Por que não copiamos o programa de privatização dos EUA?. Privatizar para o social
Há uma onda de privatização nos Estados Unidos. Prefeituras e governos estaduais estão ?vendendo? estradas, portos, aeroportos, estacionamentos, sistemas de água e esgoto e até mesmo as loterias. O maior negócio já realizado foi a concessão de uma rodovia no estado de Indiana, que saiu por US$ 3,8 bilhões, valor pago na frente por um consórcio de duas empresas, uma norte-americana (Macquarie) e outra espanhola (a empreiteira Cintra). Trata-se de uma concessão de 75 anos. Esse mesmo grupo havia arrendado um sistema de pontes e viadutos em Chicago por US$ 1,8 bilhão.
Os negócios em andamento podem chegar a cifras astronômicas. Segundo cálculos da revista Business Week, prefeituras e governos estaduais podem embolsar nada menos que US$ 100 bilhões nos próximos dois anos, contra apenas US$ 7 bilhões obtidos nos últimos dois anos.
É curioso. Como é que a privatização dos serviços públicos chega só agora nos Estados Unidos? Mais ainda: como é que essa onda aparece nos EUA, a terra do capitalismo liberal, só depois de ter passado pela Europa, mais propensa à social democracia e ao estatismo?
Uma primeira reposta está no modo de gestão pública nos Estados Unidos. É comum que prefeituras contratem executivos, profissionais de mercado, para a administração. O prefeito, político eleito, define as linhas de ação, mas a gestão é profissional. E mesmo quando não há gerentes de fora, a administração pública, com frequência, procura seguir as regras da gestão privada.

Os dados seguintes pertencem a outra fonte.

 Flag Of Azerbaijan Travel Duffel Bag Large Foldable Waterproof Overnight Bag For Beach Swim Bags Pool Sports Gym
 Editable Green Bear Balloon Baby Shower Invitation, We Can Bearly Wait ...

No limite, órgãos públicos atuam como empresas privadas. Eis um exemplo. Na Pensilvânia, o governo abriu licitação para arrendar a principal rodovia do Estado. Diversas companhias privadas apresentaram suas propostas, como esperado. Mas também entrou na licitação a autarquia estadual encarregada da gestão das estradas, que vem a ser a atual administradora da rodovia. É como se, aqui no Brasil, o Departamento Estadual de Estradas e Rodagem entrasse na licitação feita pelo próprio governo.
Na Pensilvânia, os executivos da autarquia reclamaram da privatização, dizendo que poderiam gerir a estrada com a mesma eficiência do setor privado e com mais vantagens para a população. Ok, entrem na licitação, foi a resposta.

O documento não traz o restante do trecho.